=== Exercise prompt ===
Exclude the images and transcribe the entries below precisely.

Web page caption snippets:
== Segment start ==

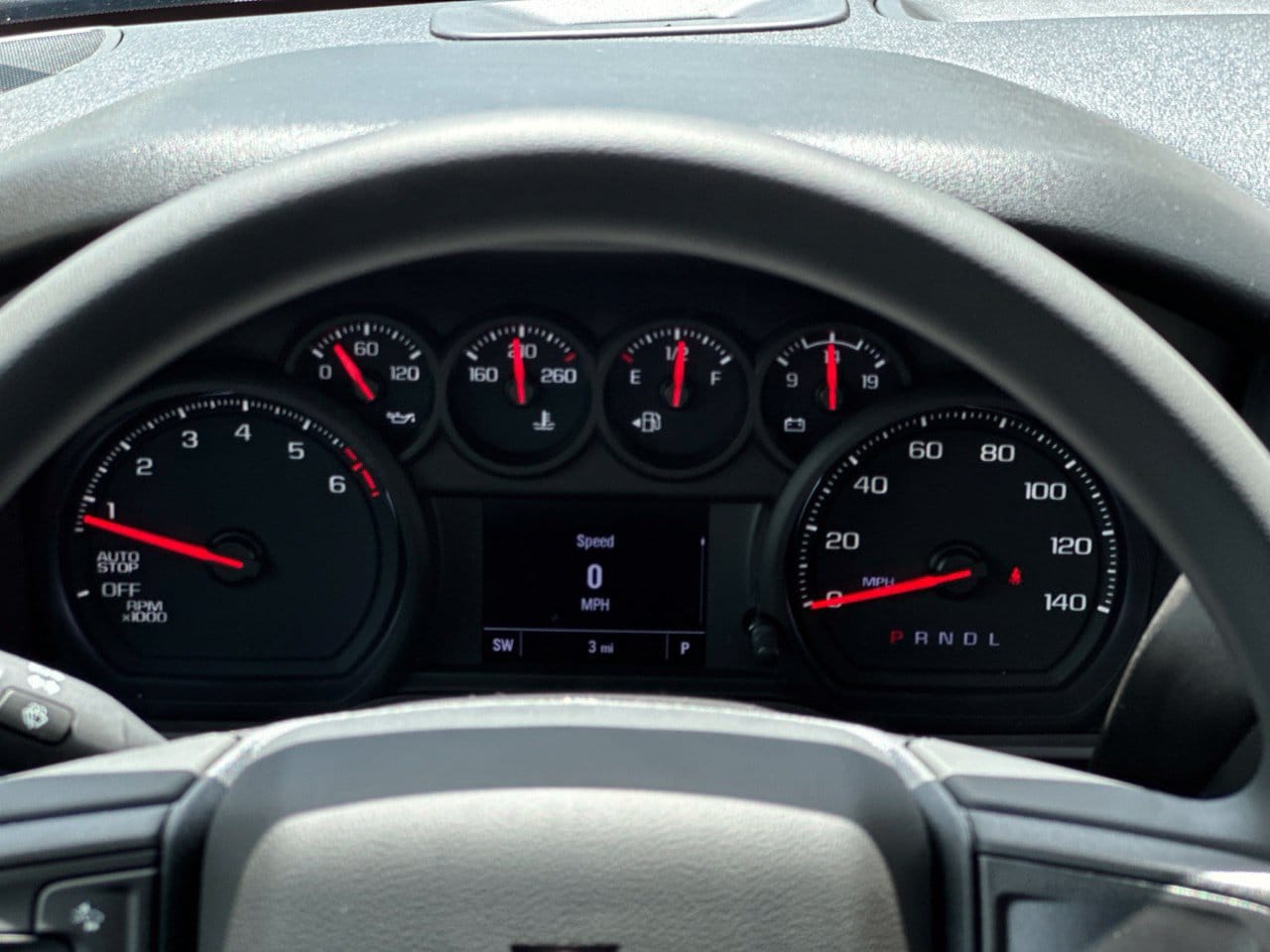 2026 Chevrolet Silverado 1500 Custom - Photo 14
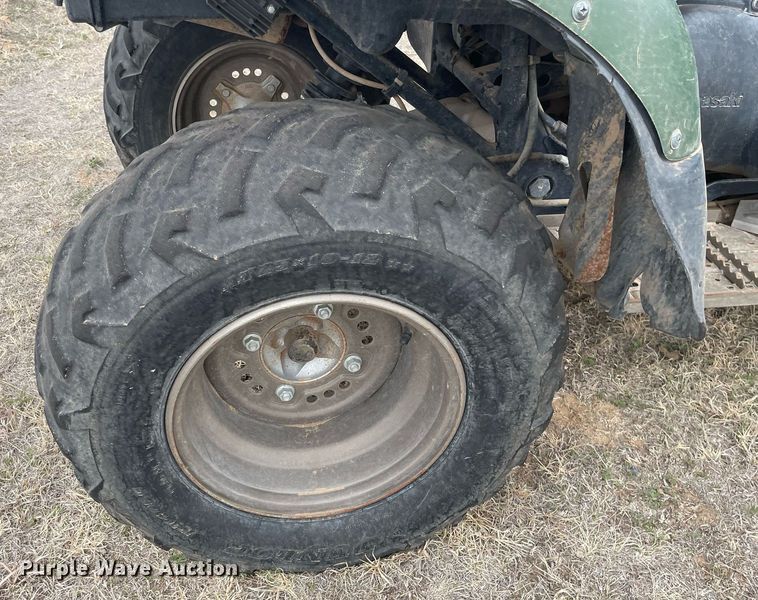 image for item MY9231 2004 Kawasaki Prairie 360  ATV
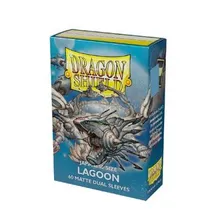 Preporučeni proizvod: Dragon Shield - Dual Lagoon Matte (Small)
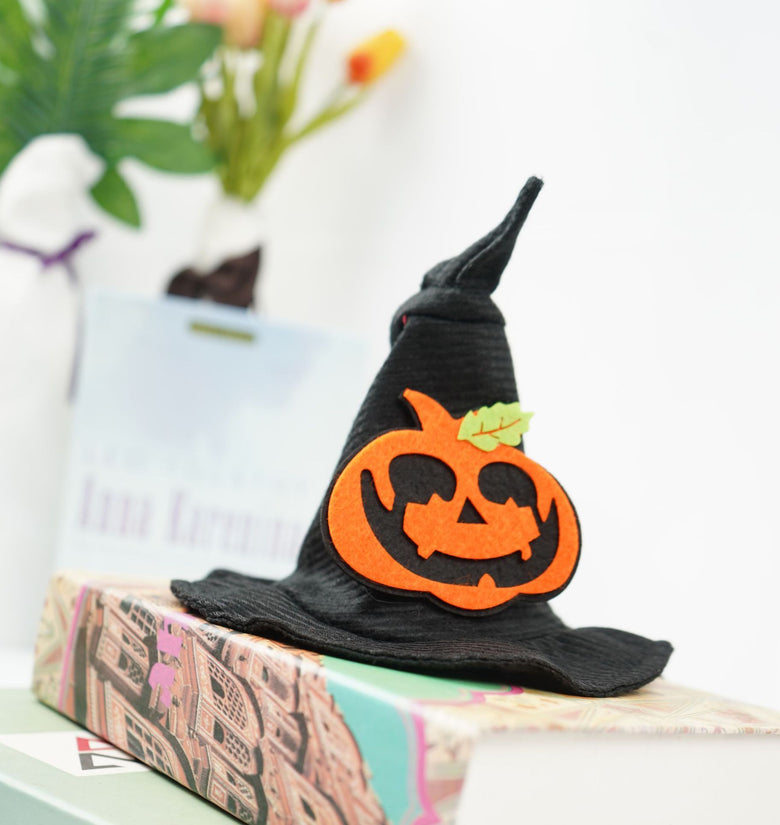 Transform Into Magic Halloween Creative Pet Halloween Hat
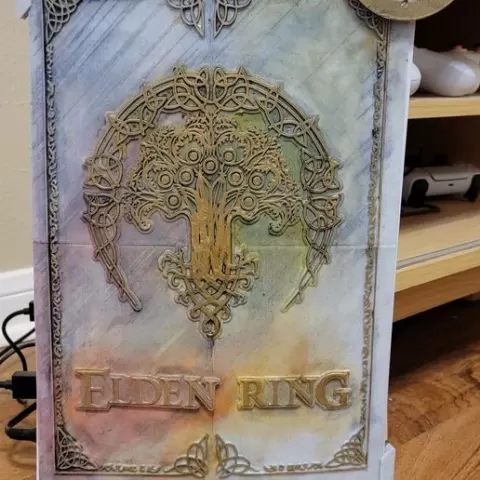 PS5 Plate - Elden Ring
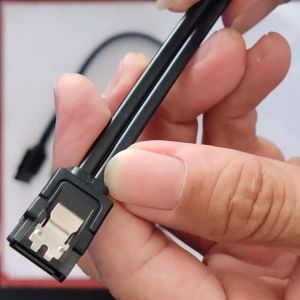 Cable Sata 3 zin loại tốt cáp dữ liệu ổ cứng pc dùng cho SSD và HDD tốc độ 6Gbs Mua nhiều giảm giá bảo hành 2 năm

== Segment end ==

=== Written answer ===
 2026 Chevrolet Silverado 1500 Custom - Photo 14
 image for item MY9231 2004 Kawasaki Prairie 360  ATV
 Preporučeni proizvod: Dragon Shield - Dual Lagoon Matte (Small)
 Transform Into Magic Halloween Creative Pet Halloween Hat
 PS5 Plate - Elden Ring
 Cable Sata 3 zin loại tốt cáp dữ liệu ổ cứng pc dùng cho SSD và HDD tốc độ 6Gbs Mua nhiều giảm giá bảo hành 2 năm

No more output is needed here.